Sudachitin increases energy expenditure. Ten-week-old mice treated with vehicle or sudachitin (5 mg/kg) for 4 weeks were placed into an Oxymax open-circuit indirect calorimetry system for 4 days. Measurements of O₂ consumption in control C57/Bl6 mice (A) or db/db mice (C), and energy expenditure were obtained in control C57/Bl6 mice (B) or db/db mice (D).

Figure 8

Sudachitin increases energy metabolism-related gene expressions by activating mitochondrial biogenesis. Relative mRNA expression of energy metabolism-related genes in the gastrocnemius muscle (A, B) and brown adipose tissue (A). Gene expression was normalized for GAPDH in both tissues. Phosphorylation of AMPK in sudachitin- or vehicle-treated mice with or without insulin (C).
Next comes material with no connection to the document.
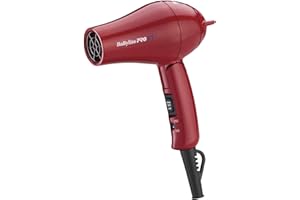 BaBylissPRO Tourmaline & Titanium Micro Travel Hairdryer with folding handle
Protein expression of GLUT4 in mice administrated vehicle or sudachitin (D). Skeletal muscle ATP content in mice fed a high-fat diet and treated with sudachitin or vehicle (E). Citrate synthase activity was measured in mitochondria isolated from high-fat diet-fed mice treated with 5 mg/kg sudachitin or vehicle (F). Data are presented as mean ± standard deviation. *P < 0.05 vs. the indicated group. Closed bars; vehicle-treated group; open bars: sudachitin-treated group.

Figure 9

Effects of sudachitin on gene expression in mouse primary skeletal muscle myocytes in vitro. Gene transcription in myocytes treated with 30 μmol/L sudachitin or vehicle for 48 h, normalized for β-actin (A). Data are means ± standard deviation. *P < 0.05 vs the indicated group. Closed bars: untreated cells; open bars: sudachitin-treated cells. The number of mitochondria in myocytes was increased by sudachitin (B, C). Myocytes were incubated with the fluorophore Mito-Tracker Green, which specifically labels mitochondria. Upper panel: control cells; lower panel: cells treated with 30 μmol/L sudachitin for 48 h. Arrows indicate stained mitochondria (B). Quantitative analysis of mitochondrial staining. Fluorescence intensity was measured by ImageJ software using the analyze particle function. *P < 0.05.